La délimitation du Moyen-Orient varie selon les pays et les auteurs. Au cœur de l’arc de crises, il inclut le Proche-Orient et comprend la zone qui s’étire de la vallée égyptienne du Nil à l’Iran et de la côte turque de la Mer Noire au Golfe d’Aden. Malgré la montée en puissance de nouveaux pays comme la Chine et l’Inde et l’augmentation du trafic commercial dans le Pacifique, le Moyen-Orient est toujours un enjeu géopolitique. Paradoxalement, les trois puissances régionales sont la Turquie, Israël et l’Iran, dans cet espace majoritairement arabe.
*
1. Les ressources naturelles : un enjeu interne et externe
L’eau et les hydrocarbures sont les deux ressources naturelles cruciales pour le Moyen-Orient, en considérant leur aspect économique et sécuritaire. Les routes commerciales revêtent également une importance stratégique.
1.1. L’eau
L’eau douce est utilisée pour la consommation domestique, agricole et industrielle. Compte-tenu du climat régnant au Moyen-Orient, ce paramètre est vital pour l’ensemble de ces pays.
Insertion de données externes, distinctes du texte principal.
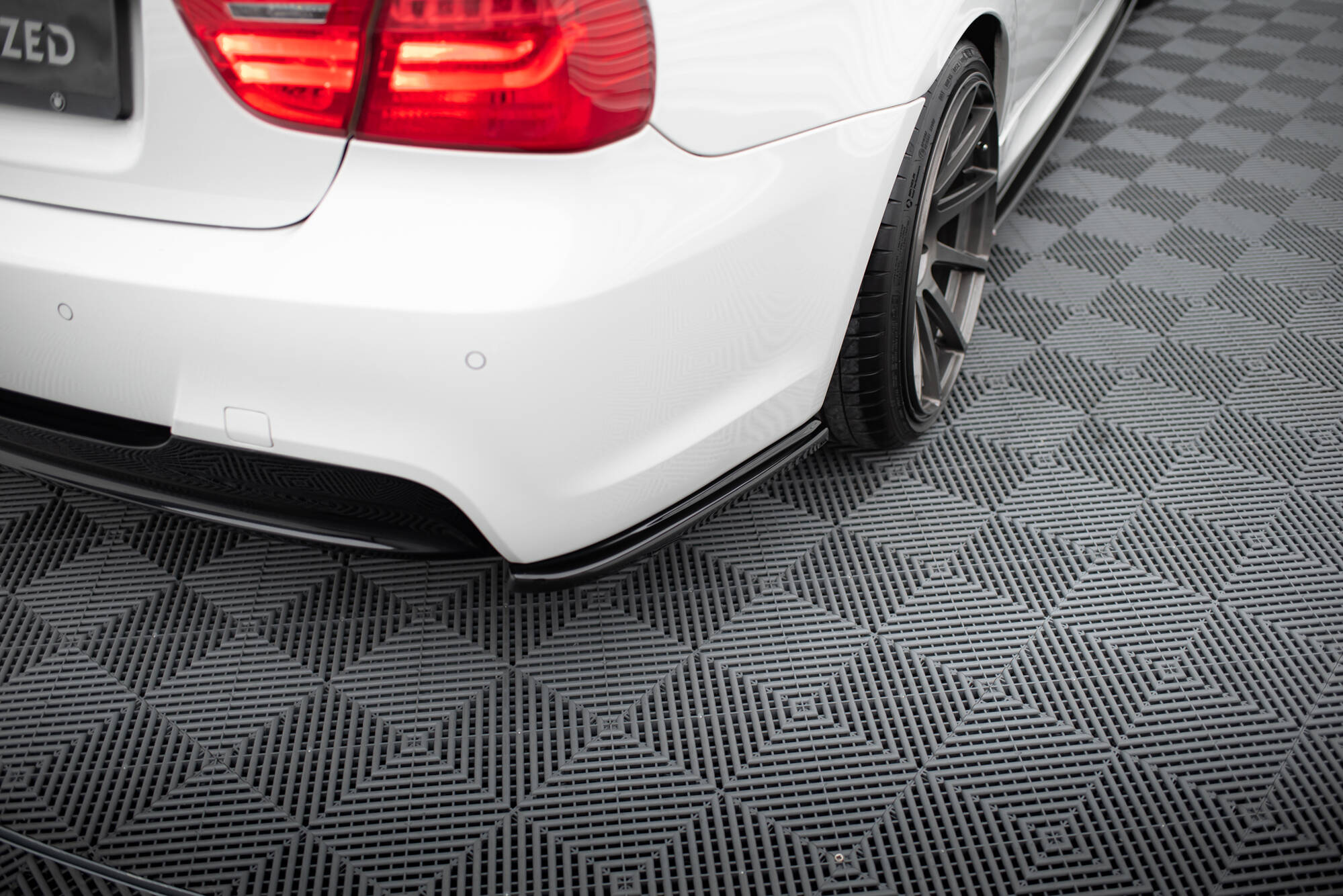 Rear Side Splitters BMW 3 E90 M-Sport (2004-2008) - 3
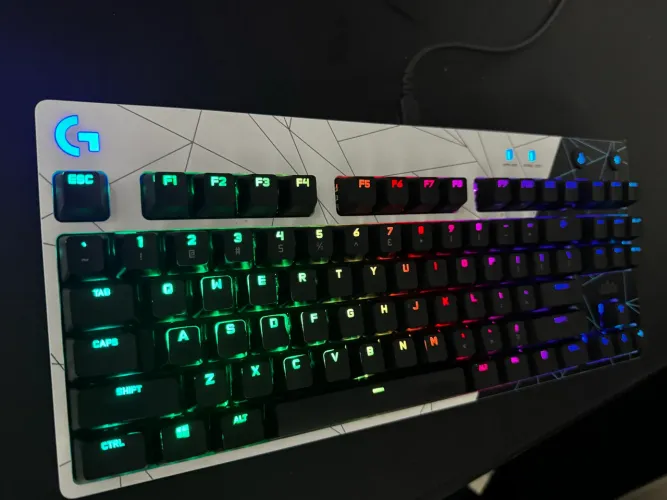 Teclado Mecânico Logitech G Pro Kda League of Legends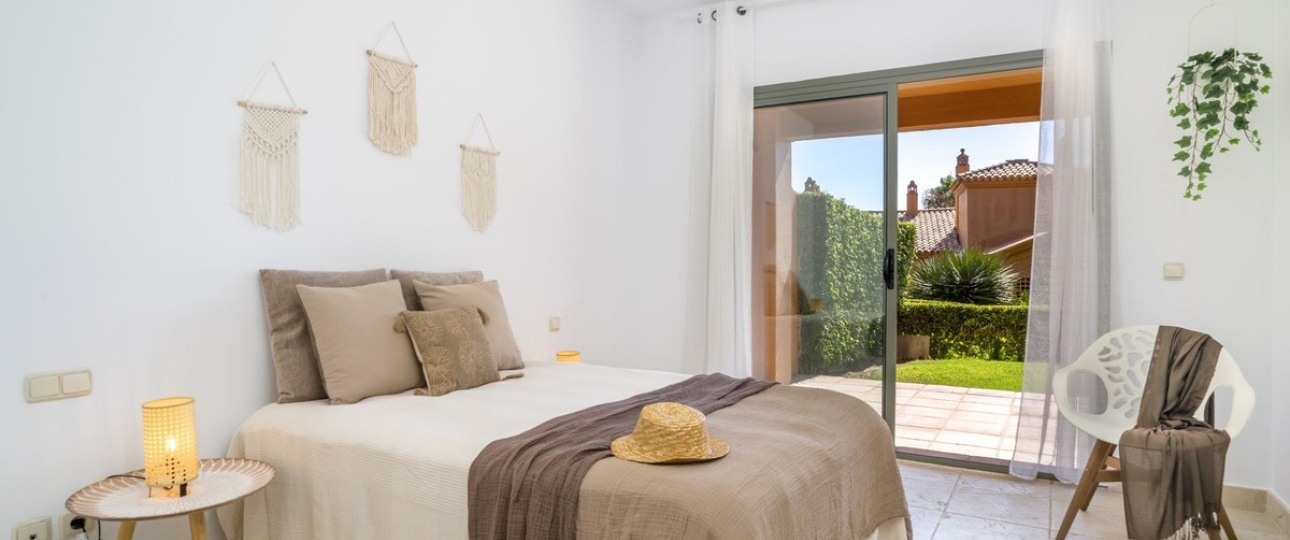 Rynek wtórny - apartment - Estepona - Atalaya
La répartition des réserves hydriques reste très inégale. L’antique croissant fertile (la Turquie, l’Iran, l’Irak et le Liban) concentre environ 80% des ressources d’eau douce renouvelables. Ceci a pour conséquence des disparités importantes concernant les ressources en eau. Dans les pays pauvres en eau douce, les eaux fossiles ou renouvelables sont surexploitées et le recours au dessalement, dont la moitié est effectué dans la péninsule arabique, demeure extrêmement coûteux en énergie. Cette situation a tendance à s’aggraver en raison d’une forte croissance démographique. En effet, la population de la Syrie, de l’Iran, de la Turquie, de l’Arabie Saoudite, a au moins doublé durant les 25 dernières années. Facteur aggravant, la consommation urbaine augmente aussi en raison du changement des comportements qui tendent à s’aligner sur ceux des occidentaux.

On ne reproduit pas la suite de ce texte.